An appointment as Bishop in a diocese comes after a process of consultation. Each priest is invited every few years to nominate people he would consider suitable for the office of Bishop and to give his reasons. Local Bishops are consulted and a number of lay people who are in a position to make a judgement. The consultation process is channelled through the Papal Nuncio to the Congregation of Bishops in Rome and the final say is with the Pope.
I have suggested to you more than once in reflecting on the Word of God that the group of people Christ chose to walk with him and to continue his work were a very human lot with many common human weaknesses. Judas Iscariot, it seems, was fond of wealth, got into the habit of dipping his fingers in the communal purse and ended up betraying his Master. Even Peter, the ultimate leader of the group, was impetuous (which nearly caused him to drown), could be violent (used his sword on the high priest’s servant) and, in a tight corner, denied he ever knew his Master. These weaknesses and failures have of course to be balanced against such acts of courage and exceptional generosity as those which we hear of in the Readings from the Acts of the Apostles during the Easter Season.

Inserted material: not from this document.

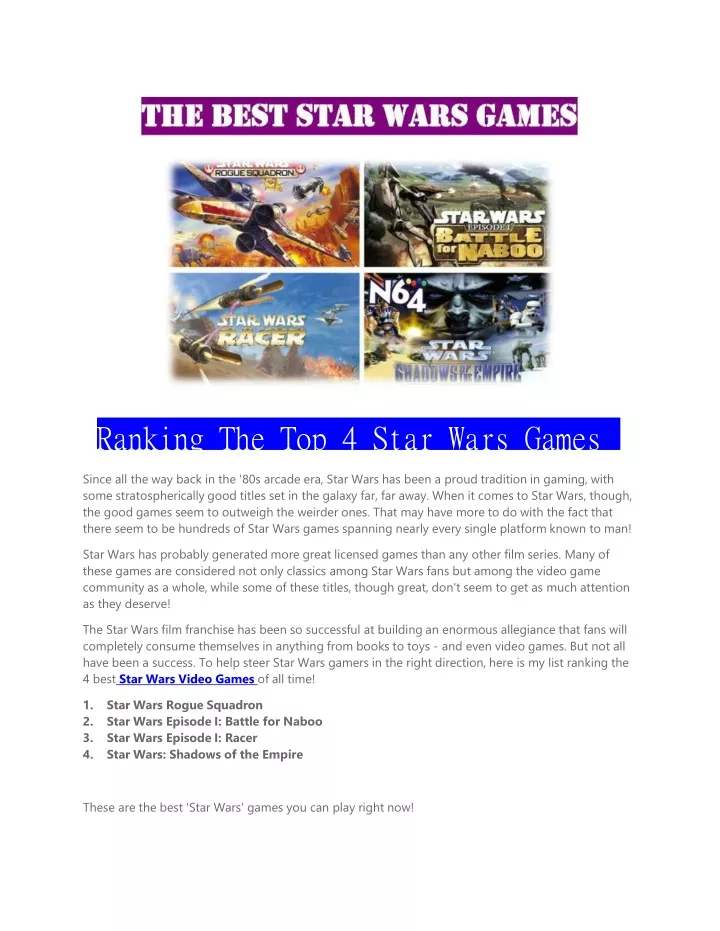 ranking the top 4 star wars games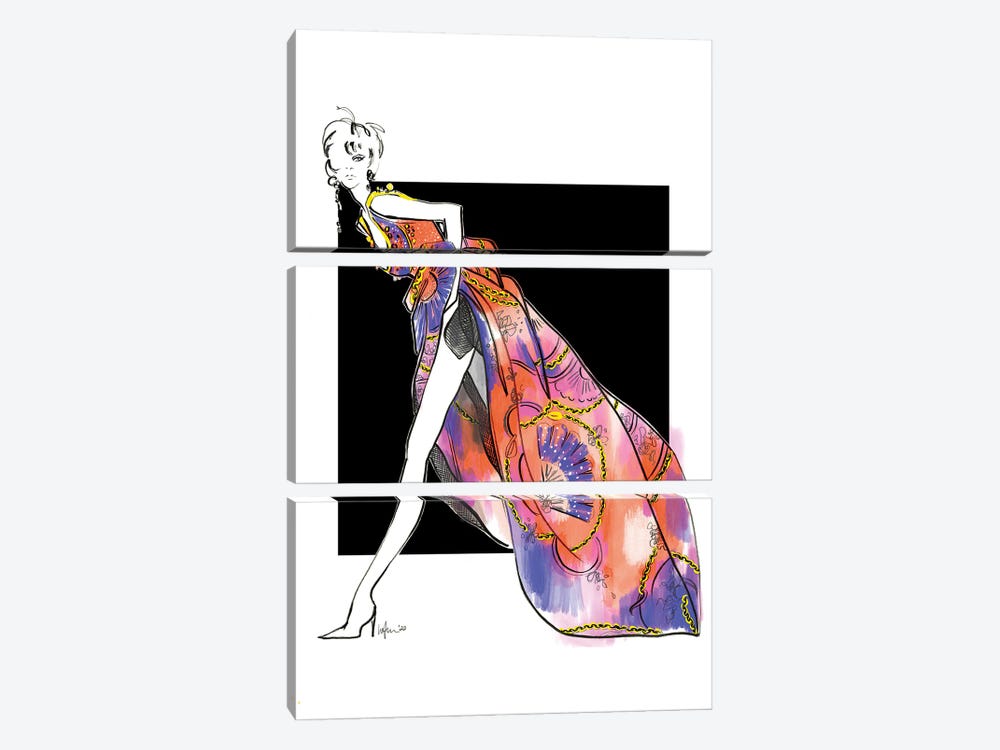 Ballgown Color Splash by Elly Azizian 3-piece Canvas Art Print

Taking on the responsibilities of a Bishop makes me very conscious of weaknesses and inadequacies. The first and dominant instinct is to say no, I couldn’t do it. At a time like that I hear the words of my late mother ringing in my mind. She would say ‘God would not ask you to do something and leave you short in the help you need to do it, so put your trust in God and get on with it’. It is in that spirit that I have accepted this appointment. I do have worries and anxieties but maybe I should take my mother’s and the Papal Nuncio’s advice and leave these in the hands of God.
The date of my ordination has been fixed for Sunday, 25 July. I will continue to be available in the parish here until then. I have been most encouraged and heartened by messages of good wishes and the promise of the support of so many people’s prayers.

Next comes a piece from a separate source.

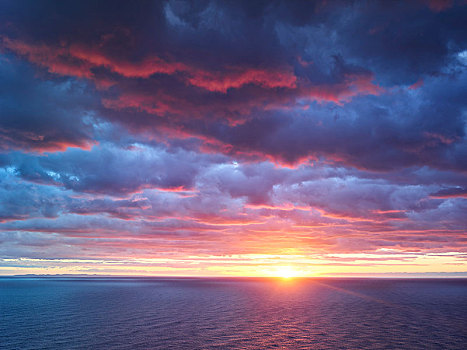 日出,上方,地中海,马略卡岛,巴利阿里群岛,西班牙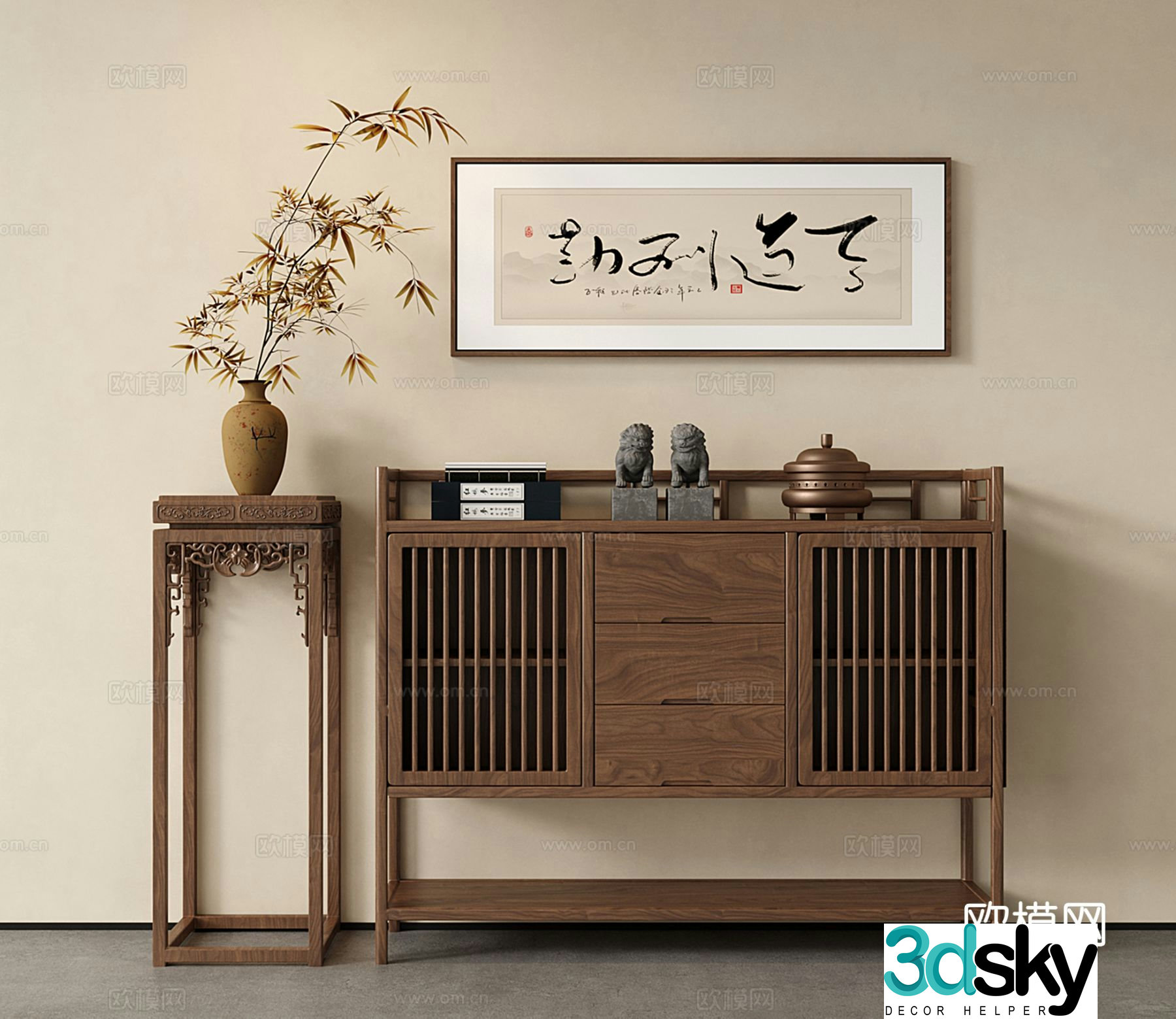 Chinese sideboard sideboard cabinet storage cabinet flower stand flower 3D model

Last week, relics of St. John Vianney were venerated in St. Patrick’s Cathedral, Armagh. He offered himself for priesthood and was considered to have so little going for him that it was with great difficulty that he made it to ordination. After ordination, he became such a rich channel of God’s grace, especially through the Sacrament of Reconciliation, that he became known wide and far and was sainted after death. We must never forget that, in the end, we are the instruments, God does the work.
My prayer is that, in some small way, I may be a channel of God’s grace to the people of Clogher.
The words of to-day’s Gospel are comforting, ‘Peace I leave with you, my own peace I give you, a peace the world cannot give, this is my gift to you. Do not let your hearts be troubled or afraid.’